Jakarta, 17 Juli 2013, Bencana banjir bandang kembali mendera Kabupaten Kendal. Banjir kali ini lebih dahsyat dari yang pernah terjadi di Januari 2013 dan mengakibatkan 9.600 rumah Kepala Keluarga (KK) di Desa Gempolsewu, Kecamatan Rowosari, Kabupaten Kendal, tersebut terendam air dan lumpur. Hampir 70% korban banjir tersebut merupakan keluarga nelayan. Selain mengalami kerugian material berupa kerusakan perabotan rumah tangga, kapal dan peralatan melaut. Bahkan ditelan gelombang sehingga mengakibatkan kerusakan parah dan hilang.
Banjir bandang pada Sabtu (13/07) malam terjadi akibat curah hujan tinggi di wilayah selatan Kendal sejak Sabtu siang hingga malam hari yang berdampak jebolnya tanggul Kali Kutho yang tidak kuat menahan tingginya debit air.

Pusat Data dan Informasi KIARA pada tanggal 17 Juli 2013 mendapatkan informasi bahwa 74 kapal nelayan hanyut dan hilang. Dari jumlah tersebut, baru diketemukan 62 buah dalam kondisi rusak berat, rusak sedang dan rusak ringan. Sedangkan sisa sebanyak 12 buah kapal hingga saat ini belum ditemukan.

Rusak dan hilangnya kapal beserta peralatan melaut tersebut mengakibatkan kerugian sangat besar bagi nelayan. Masing-masing nelayan yang kehilangan kapal mengalami kerugian mencapai Rp. 40 juta, bagi yang kapalnya mengalami kerusakan berat mereka rugi mencapai Rp.15 juta. Sedangkan kapal nelayan yang mengalami kerusakan sedang harus menanggung rugi rata-rata Rp. 10 juta. Demikian juga dengan kapal yang mengalami kerusakan ringan mereka harus kehilangan aset sedikitnya Rp. 5 juta. Di sisi lain, sedikitnya terdapat satu rumah rusak berat dan mengalami kerugian mencapai Rp. 10 juta serta satu toko warga rusak ringan yang harus menanggung rugi hingga Rp. 2 juta.

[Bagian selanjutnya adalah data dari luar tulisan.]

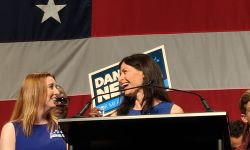 Attorney General Dana Nessel is on a stage next to her wife, Alanna Maguire.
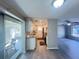 Bright kitchen adjacent to the living room and patio featuring granite countertops and white cabinets at 2507 Linton Ln, Port Charlotte, FL 33952
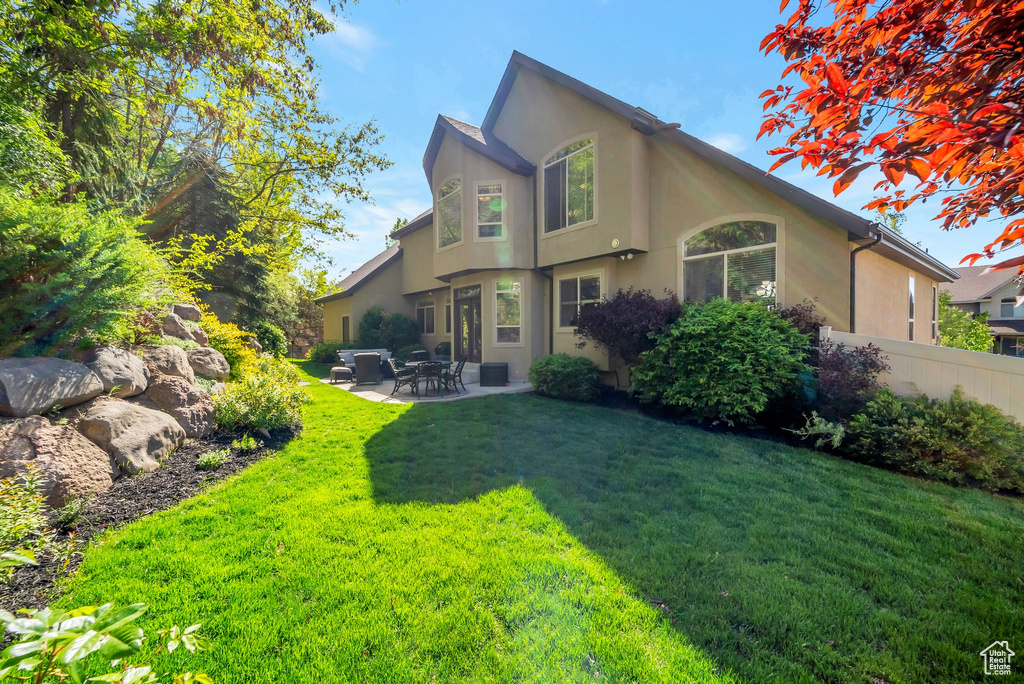 Exterior space featuring a patio and a yard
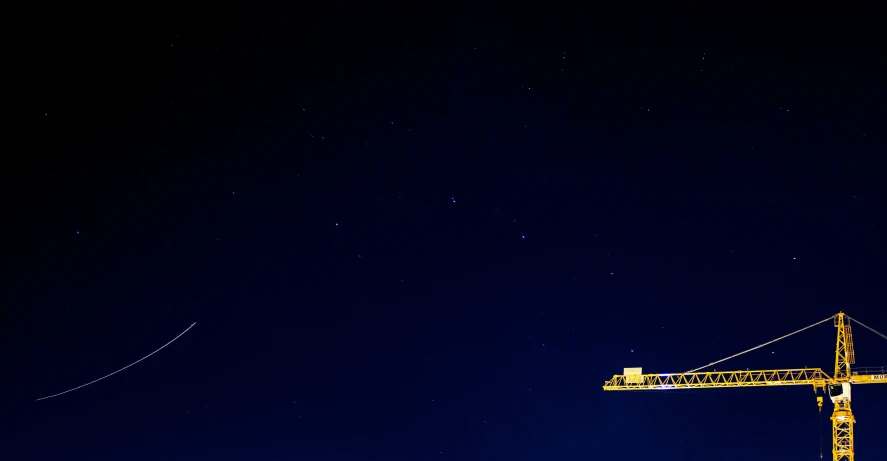 a crane is near the sky with two other cranes on the side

Sugeng Triyanto, Wakil Ketua Kelompok Nelayan Tradisional Wilujeng Kendal, menyatakan saat ini para keluarga nelayan membutuhkan bantuan berupa makanan pokok sehari-hari dan perbaikan kapal-kapal yang rusak serta penggantian kapal yang hilang. Nelayan sangat membutuhkan peran pemerintah untuk dapat melindungi mereka dari bencana lanjutan akibat bencana banjir bandang tersebut. Pemerintah memiliki program pengadaan kapal Inka Mina bagi nelayan yang berukuran 30 GT senilai 1,5 Milyar, agar lebih tepat sasaran, Sugeng meminta khusus untuk program pengadaan kapal di Kendal agar mengalihkan program tersebut menjadi pengadaan kapal 3 GT bagi nelayan. Dengan harapan kapal yang setiap unitnya berharga Rp. 40 juta tersebut dapat mengganti kapal yang hilang dan rusak berat. Dengan demikian pasca bencana, aktivitas melaut akan kembali pulih dan mereka tidak mengalami kebingungan dalam pemenuhan kebutuhan pokok sehari-hari.

Sekjen KIARA Abdul Halim menambahkan, sudah seharusnya negara hadir dan memberikan solusi konkrit terhadap nelayan yang terkena bencana tersebut. Undang-undang Nomor 24 Tahun 2007 tentang Penanggulangan Bencana pada Pasal 26 ayat (2) telah menegaskan bahwa “Setiap orang yang terkena bencana berhak mendapatkan bantuan pemenuhan kebutuhan dasar”. Sedangkan pada pasal 33 secara tegas menyatakan “Penyelenggaraan penanggulangan bencana terdiri atas 3 (tiga) tahap meliputi: a. prabencana; b. saat tanggap darurat; dan c. pascabencana.”
Ironisnya, seringkali pada setiap terjadi bencana alam, pemerintah hadir hanya meninjau dan memberikan bantuan pada saat tanggap darurat guna membangun pencitraan semata. Sedangkan upaya untuk membangun kembali kehidupan para korban pasca bencana nyaris diabaikan. Untuk itu, KIARA mendesak kepada pemerintah untuk tidak hanya terfokus pada saat tanggap darurat tapi juga harus lebih serius dalam memberikan bantuan perlindungan bagi keberlanjutan kehidupan korban bencana di kampung nelayan ini.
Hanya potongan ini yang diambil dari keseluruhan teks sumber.